◆ **PROVIDED INFORMATION**
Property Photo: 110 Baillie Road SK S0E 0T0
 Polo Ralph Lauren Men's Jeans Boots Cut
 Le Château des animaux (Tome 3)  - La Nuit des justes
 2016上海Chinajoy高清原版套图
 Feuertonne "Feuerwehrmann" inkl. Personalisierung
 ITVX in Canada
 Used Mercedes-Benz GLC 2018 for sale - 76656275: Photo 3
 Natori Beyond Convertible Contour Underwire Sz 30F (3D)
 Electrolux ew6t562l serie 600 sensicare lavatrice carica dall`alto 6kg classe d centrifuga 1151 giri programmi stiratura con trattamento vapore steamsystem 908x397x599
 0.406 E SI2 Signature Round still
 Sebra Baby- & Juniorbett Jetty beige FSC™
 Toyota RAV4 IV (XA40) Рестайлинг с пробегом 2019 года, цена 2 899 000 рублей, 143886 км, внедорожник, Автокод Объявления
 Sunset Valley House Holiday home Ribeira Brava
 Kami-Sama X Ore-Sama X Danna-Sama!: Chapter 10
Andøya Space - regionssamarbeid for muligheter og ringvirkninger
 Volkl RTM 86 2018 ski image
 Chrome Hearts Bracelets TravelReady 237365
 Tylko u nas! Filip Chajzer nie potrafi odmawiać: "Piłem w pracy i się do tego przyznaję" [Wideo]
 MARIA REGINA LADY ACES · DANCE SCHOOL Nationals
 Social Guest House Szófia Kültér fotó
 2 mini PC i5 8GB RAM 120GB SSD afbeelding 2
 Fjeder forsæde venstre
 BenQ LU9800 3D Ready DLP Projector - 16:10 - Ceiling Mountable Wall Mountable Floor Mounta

◆ **TASK OBJECTIVE**
Lines from the one containing "Tylko u nas!" to the end of the data are to be printed exactly, including the first and last.

◆ **ANSWER BOX**
 Tylko u nas! Filip Chajzer nie potrafi odmawiać: "Piłem w pracy i się do tego przyznaję" [Wideo]
 MARIA REGINA LADY ACES · DANCE SCHOOL Nationals
 Social Guest House Szófia Kültér fotó
 2 mini PC i5 8GB RAM 120GB SSD afbeelding 2
 Fjeder forsæde venstre
 BenQ LU9800 3D Ready DLP Projector - 16:10 - Ceiling Mountable Wall Mountable Floor Mounta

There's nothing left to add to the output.